Regaining his senses, my grandfather's grandfather explained his mission to the Indians (yes, I know that word offends some, but I'm telling this history as it was told to me). Halfway through the tale the Medicine Man stopped my ancestor. The holy Indian explained he knew of the river and what was bound in it.

The Medicine Man spoke.
In the long darks when wolves grow thin and snow covers all, no creatures are born except the bear cub in it's lair. But the bear is our brother and his spirit is fierce but good. Only one other thing enters the land during the cold nights and it spirit is also fierce, but it is not good even though it may be our brother.
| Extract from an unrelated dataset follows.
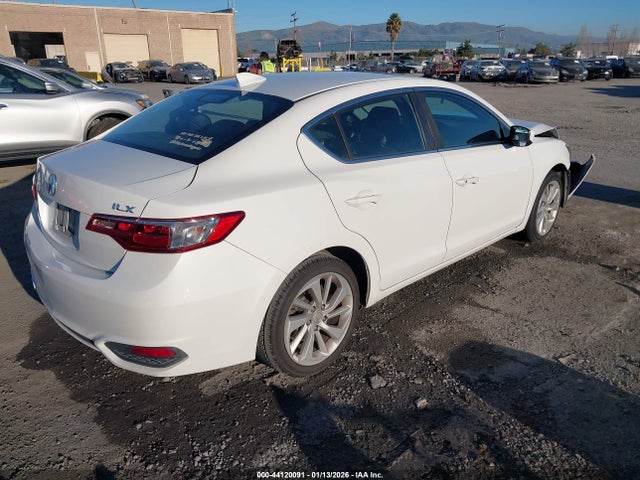Acura Ilx Acurawatch Plus Package 2017 19UDE2F39HA016396 Image 4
When the food is gone but the winter still holds, a person may change. They crave food, they crave meat. Their empty belly drives them mad, tortures them beyond reason. In their madness the
Wendigo is born and suffering follows. The Wendigo's hunger can not be satiated, even as it feasts on the bodies of it brothers. With this act the transformation is complete. The man is lost and a monster comes. It becomes a giant of frost and snow. It's fingers are knives and its teeth are as spikes. The more it eats the larger it gets. To see a Wendigo is die in its maw.

The Medicine Man talked all night long and he told what happened in the river of the marauder of newly turned earth.
Long ago a tribe lived on the banks of that river. They were prosperous under the guidance of a wise Medicine Man but their chief was known to be greedy. One year winter fell early and lasted too long. The tribe's stockpile of food began disappearing and soon it became obvious that unless something happened many of the tribe would starve before Spring came. At first the chief alone seemed immune to the starvation that chewed on the others. But as the Spring stayed away even he began to grow thin. The food that he had stolen earlier was gone and hunger burned his belly. In the dark of night he slipped away from camp to where a lone brave sat fishing through the river's ice. The chief sprung upon the brave and tore out his throat, then began feasting on the body. As morning approached the chief's madness subsided and, realizing what he had done, forced the remains of the brave through the hole in the ice and fled back to the village. There he told his tribe that their brother had been killed by wolves. No one had the strength left to check this out and the chief's words were believed.

Spring broke soon after and the food, so long denied to the tribe, seemed to appear as if by magic. The tribe became fat on the wild harvests, but none as fat as the chief. His appetite seemed to grow larger than his body no matter how fat he became. Worse, he found himself craving more than just the berries, fish and deer. He craved the taste of human flesh.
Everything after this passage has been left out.